On désespérait de voir débarquer sur les écrans québécois Les chatouilles d'Andréa Bescond et Éric Métayer. Ce film présenté au Festival de Cannes en 2018 a pris l'affiche quelques mois plus tard en France. Plusieurs dates de sortie ont été annoncées puis annulées au Québec tout au long de 2019. Sans doute que le sujet - la pédophilie - n'est pas le plus vendeur. Et que le traitement singulier et hors norme pourra en déstabiliser plus d'un. Sauf qu'il s'agit d'une création forte et essentielle.
Basé sur la pièce de théâtre du même nom du duo Bescond/Métayer, qui était largement inspirée de l'histoire personnelle d'Andréa Bescond, le récit suit le besoin de reconstruction d'une danseuse (incarnée par Bescond) qui a été victime de sévices sexuels dans son enfance. Elle est hantée d'un secret trop lourd à porter, dont le poids finit par la conduire vers les abysses.
Comme le magistral Grâce à Dieu de François Ozon, on se retrouve devant un long métrage qui fait oeuvre utile en libérant la parole.

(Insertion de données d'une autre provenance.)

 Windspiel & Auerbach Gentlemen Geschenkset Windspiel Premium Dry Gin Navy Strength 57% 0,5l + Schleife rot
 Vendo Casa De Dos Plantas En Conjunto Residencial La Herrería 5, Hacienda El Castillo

À partir de séances chez la psychologue qui permettront la guérison, le scénario mord à belles dents dans les possibilités du septième art, faisant côtoyer passé et présent à l'aide d'un montage étonnant, brisant régulièrement le quatrième mur en intégrant des éléments de fantaisie, de thérapie et d'onirisme. On ne verra par exemple plus le célèbre danseur russe Rudolf Noureev de la même façon. Cela apporte un souffle d'évasion et de liberté à un sujet qui n'aurait pu qu'être lourd et mélodramatique. À ce sujet, un humour insoupçonné permet de reprendre son souffle entre une introduction qui donne froid dans le dos et une conclusion déchirante.

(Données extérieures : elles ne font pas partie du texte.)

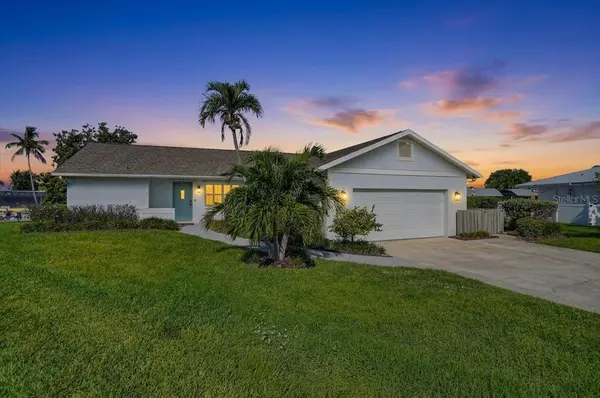 5016 MANGROVE POINT RD, Bradenton, FL 34210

Non sans longueur et doté d'un symbolisme parfois appuyé, l'ouvrage est surtout l'occasion de voir d'excellents comédiens briller. Andréa Bescond fend l'âme en héroïne au bord de la crise de nerfs, s'exprimant autant que se tait son pendant enfant Cyrille Mairesse. Si Clovis Cornillac fait belle figure en père médusé, ce sont les « méchants » qui retiennent l'attention. Pierre Deladonchamps, vu notamment dans Le fils de Jean et Plaire, aimer et courir vite, qui s'avère tout simplement visqueux en pédophile au visage angélique. Puis Karin Viard, impériale en mère de la victime qui remet constamment en doute la parole de sa fille. Une prestation glaciale qui lui a valu le César de la meilleure actrice de soutien.
Né dans la noirceur, Les chatouilles arrive à la transcender pour se lover dans la lumière. Une quête de rédemption qui passe tour à tour par la douleur et la douceur, la rage et l'émotion. En plus des traditionnelles vertus thérapeutiques, les cinéastes y incorporent un souffle cinématographique qui fait toute la différence, lui permettant de se distancier des autres productions du même calibre. Le cinéphile sortira de la projection le coeur à l'envers, avec heureusement un peu d'espoir pour des lendemains plus cléments.